Data items →
►
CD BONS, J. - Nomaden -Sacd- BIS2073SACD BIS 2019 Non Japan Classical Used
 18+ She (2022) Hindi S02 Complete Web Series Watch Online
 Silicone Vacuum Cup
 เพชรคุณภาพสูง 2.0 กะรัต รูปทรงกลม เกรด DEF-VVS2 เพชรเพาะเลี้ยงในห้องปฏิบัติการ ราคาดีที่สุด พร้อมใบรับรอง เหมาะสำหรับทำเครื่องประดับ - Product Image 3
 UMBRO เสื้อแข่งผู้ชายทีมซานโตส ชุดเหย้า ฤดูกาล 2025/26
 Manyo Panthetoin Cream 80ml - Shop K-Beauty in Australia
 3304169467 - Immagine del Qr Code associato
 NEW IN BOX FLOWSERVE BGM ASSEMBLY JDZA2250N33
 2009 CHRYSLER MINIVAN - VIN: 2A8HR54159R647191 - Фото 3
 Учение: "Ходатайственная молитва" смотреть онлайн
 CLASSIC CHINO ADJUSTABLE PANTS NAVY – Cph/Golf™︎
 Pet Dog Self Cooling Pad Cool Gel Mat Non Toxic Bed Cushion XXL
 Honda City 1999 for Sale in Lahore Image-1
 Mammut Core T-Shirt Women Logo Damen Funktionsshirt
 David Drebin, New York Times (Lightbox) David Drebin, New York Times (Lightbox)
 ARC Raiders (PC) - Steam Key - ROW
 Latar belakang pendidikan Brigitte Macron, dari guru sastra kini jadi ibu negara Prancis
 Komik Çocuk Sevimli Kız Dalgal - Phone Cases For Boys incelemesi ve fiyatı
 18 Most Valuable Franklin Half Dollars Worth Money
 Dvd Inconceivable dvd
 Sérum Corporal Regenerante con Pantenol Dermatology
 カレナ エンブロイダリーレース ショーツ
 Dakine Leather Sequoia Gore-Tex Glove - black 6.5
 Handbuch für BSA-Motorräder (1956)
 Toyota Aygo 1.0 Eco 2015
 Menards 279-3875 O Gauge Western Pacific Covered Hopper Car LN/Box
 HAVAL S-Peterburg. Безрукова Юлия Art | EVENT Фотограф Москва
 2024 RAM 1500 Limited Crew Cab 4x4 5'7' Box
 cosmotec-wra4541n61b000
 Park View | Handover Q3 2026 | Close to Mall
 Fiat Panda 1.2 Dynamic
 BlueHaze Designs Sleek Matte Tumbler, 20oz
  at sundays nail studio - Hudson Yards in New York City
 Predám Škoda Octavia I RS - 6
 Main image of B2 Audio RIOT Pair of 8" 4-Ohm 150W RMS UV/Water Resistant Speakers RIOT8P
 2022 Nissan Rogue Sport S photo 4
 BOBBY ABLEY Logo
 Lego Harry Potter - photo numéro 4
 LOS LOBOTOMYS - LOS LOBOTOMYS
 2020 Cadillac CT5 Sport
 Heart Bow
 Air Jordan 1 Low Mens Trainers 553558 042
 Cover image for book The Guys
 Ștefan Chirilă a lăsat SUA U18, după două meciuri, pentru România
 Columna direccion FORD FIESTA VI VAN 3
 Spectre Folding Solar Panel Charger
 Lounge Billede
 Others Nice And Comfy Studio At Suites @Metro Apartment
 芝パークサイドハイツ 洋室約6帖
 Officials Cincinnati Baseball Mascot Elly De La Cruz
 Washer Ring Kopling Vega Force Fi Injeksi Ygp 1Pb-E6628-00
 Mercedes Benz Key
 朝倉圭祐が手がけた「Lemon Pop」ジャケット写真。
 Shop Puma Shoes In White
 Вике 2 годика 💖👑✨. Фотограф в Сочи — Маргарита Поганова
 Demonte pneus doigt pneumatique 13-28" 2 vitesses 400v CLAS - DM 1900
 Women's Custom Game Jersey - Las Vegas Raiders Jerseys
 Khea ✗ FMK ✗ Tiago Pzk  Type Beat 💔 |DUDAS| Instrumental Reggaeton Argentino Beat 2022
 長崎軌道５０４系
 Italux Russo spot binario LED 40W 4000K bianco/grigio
◄
Retype the entries exactly from the first line, stopping after the line with "ARC Raiders (PC) - Steam Key - ROW".

Finished exercise →
CD BONS, J. - Nomaden -Sacd- BIS2073SACD BIS 2019 Non Japan Classical Used
 18+ She (2022) Hindi S02 Complete Web Series Watch Online
 Silicone Vacuum Cup
 เพชรคุณภาพสูง 2.0 กะรัต รูปทรงกลม เกรด DEF-VVS2 เพชรเพาะเลี้ยงในห้องปฏิบัติการ ราคาดีที่สุด พร้อมใบรับรอง เหมาะสำหรับทำเครื่องประดับ - Product Image 3
 UMBRO เสื้อแข่งผู้ชายทีมซานโตส ชุดเหย้า ฤดูกาล 2025/26
 Manyo Panthetoin Cream 80ml - Shop K-Beauty in Australia
 3304169467 - Immagine del Qr Code associato
 NEW IN BOX FLOWSERVE BGM ASSEMBLY JDZA2250N33
 2009 CHRYSLER MINIVAN - VIN: 2A8HR54159R647191 - Фото 3
 Учение: "Ходатайственная молитва" смотреть онлайн
 CLASSIC CHINO ADJUSTABLE PANTS NAVY – Cph/Golf™︎
 Pet Dog Self Cooling Pad Cool Gel Mat Non Toxic Bed Cushion XXL
 Honda City 1999 for Sale in Lahore Image-1
 Mammut Core T-Shirt Women Logo Damen Funktionsshirt
 David Drebin, New York Times (Lightbox) David Drebin, New York Times (Lightbox)
 ARC Raiders (PC) - Steam Key - ROW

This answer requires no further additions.